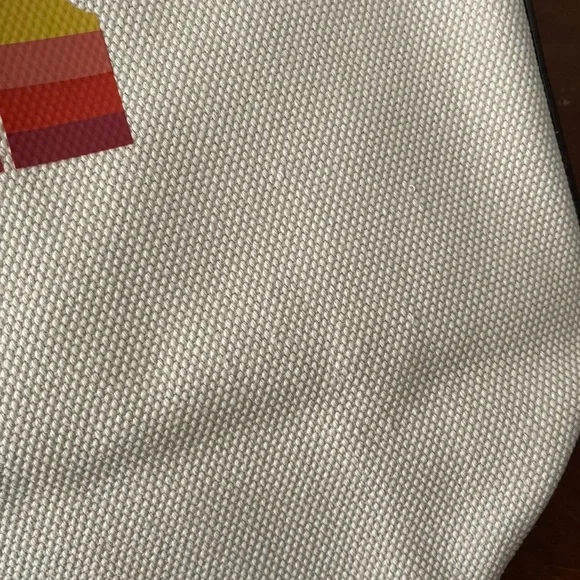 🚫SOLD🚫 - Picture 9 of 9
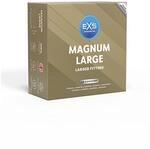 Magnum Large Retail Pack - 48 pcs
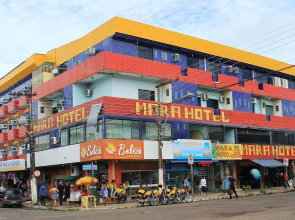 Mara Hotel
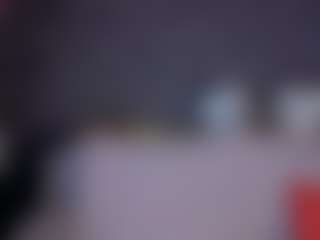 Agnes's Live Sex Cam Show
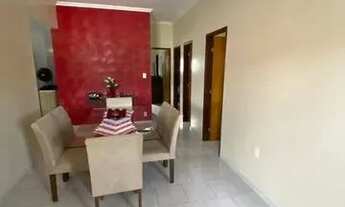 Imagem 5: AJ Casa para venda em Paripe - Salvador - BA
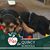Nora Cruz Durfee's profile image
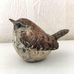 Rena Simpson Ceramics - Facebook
-*-
What this task involves.
Take the records above from the line with "Imagem 5: AJ" down to their last line and please copy those lines exactly, without the pictures.

Output.
 Imagem 5: AJ Casa para venda em Paripe - Salvador - BA
Nora Cruz Durfee's profile image
 Rena Simpson Ceramics - Facebook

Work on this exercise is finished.